I have been away from satellite TV for many years but had Dish many years ago (prior to local stations being available). Here in the Atlanta, GA area rain fade was a problem at that time. I know there are many more satellites up there now and different elevation angles plus newer equipment. Is rain fade still an issue? Does one provider have an advantage over the other? Or are different satellites affected differently? I am thinking of making the switch from Comcast to one of the satellite providers.


----------



## Ira Lacher (Apr 24, 2002)

Had much snow in Iowa this past winter and I didn't lose a minute of programming with DirecTV.


----------



## AntAltMike (Nov 21, 2004)

Unfortunately, as DBS satellite TV has lost its novelty and become "cable on a stick", there are just too few subscribers interested in reporting their outage histories to allow us to meaningfully evaluate testimonials regarding rain outages.

With DBS Ku band CONUS, "core" signals, DISH Network points its 119 degree beam at New Jersey, whereas DirecTV points its 101 degree beam at the middle of the country, so I think the Northwest region gets short changed by both targeting schemes, but the rain density in the Southeast always made that the region most likely to lose its signals from either source.

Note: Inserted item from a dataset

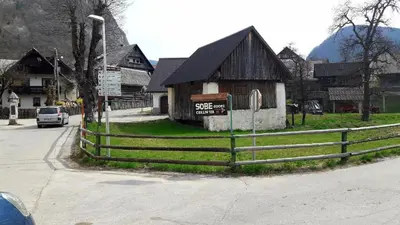a small building with a fence in front of a house at Hostel, Rooms and Apartment Ceklin in Bohinj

Just about everywhere, the 101, 110 and 119 Ku band local spot beams were always reported to be the last signals lost during heavy rain everywhere, but I have not seen enough rain fade reports of Ka band spot beam signals to know how those might compare to Ka band CONUS, Ku CONUS or Ku spotbeam outages.


----------



## BenJF3 (Sep 12, 2008)

Bottom line is that no matter what provider you have, even with perfect dish alignment, you will experience signal fade with certain weather conditions.


----------



## Blaze (Jun 9, 2010)

richart53 said:


> I have been away from satellite TV for many years but had Dish many years ago (prior to local stations being available). Here in the Atlanta, GA area rain fade was a problem at that time. I know there are many more satellites up there now and different elevation angles plus newer equipment. Is rain fade still an issue? Does one provider have an advantage over the other? Or are different satellites affected differently? I am thinking of making the switch from Comcast to one of the satellite providers.

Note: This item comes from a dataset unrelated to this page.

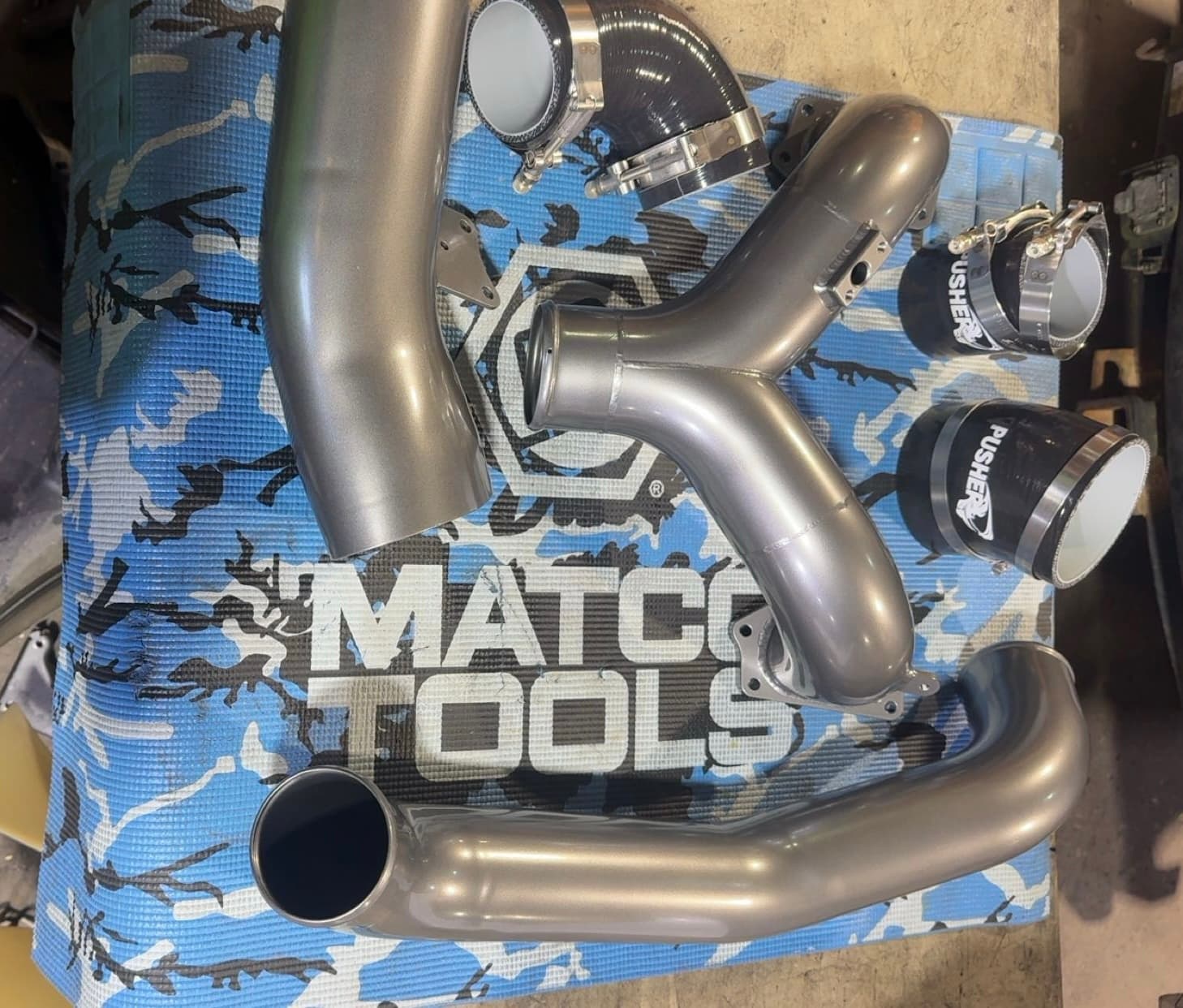 Metallic grey intake pipes and black couplers arranged on a blue Matco Tools mat.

I have Directv since 1995-1996, The only issues i have on rain rade is when Houses fall out of the Sky..:lol:

Which only Last's around 5-10 minutes i don't have any HD dish only the 18"Round i believe this is the MPEG2.


----------



## James Long (Apr 17, 2003)

"Rain Fade" vs "No Rain Fade"








I would have bet that it was a different branch in the way, but cutting down this one doubled my signal strength to that satellite. Add a little water to those leaves and blow them around and I got "rain fade" ... not really caused by the rain but an existing problem that was more noticeable when it rained.

In previous years the only time I noticed rain fade were at times where I probably should have been in the southwest corner of the basement - not watching TV. This year that branch grew into the picture (and likely drooped down when wet, full of berries and with some storm damage to the tree).


----------



## jimmyv2000 (Feb 15, 2007)

Ira Lacher said:


> Had much snow in Iowa this past winter and I didn't lose a minute of programming with DirecTV.

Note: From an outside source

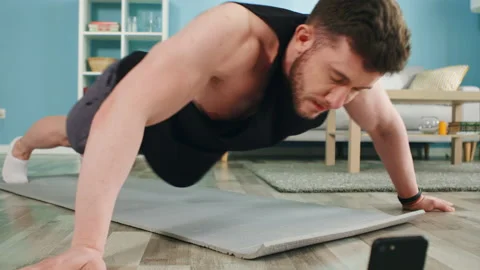 Strong Man Is Doing Intese Workout at Home Stock Footage 135537827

Snow isn't an issue for me in NH
we get pleny of that,
Summer time *THUNDERSTORMS* are the issue between june and september


----------



## markfp (Mar 9, 2010)

I live in Upstate New York where some winters we get almost 200 inches of snow and in almost twelve years with DirecTV I've never had snow related signal problem. 

We might get two or three rain fade issues a year, but usually they're very brief. We actually had one just this afternoon during a really wild thunderstorm and the signal was out for no more than five minutes. I think that was the first time it's happened since sometime last fall.


----------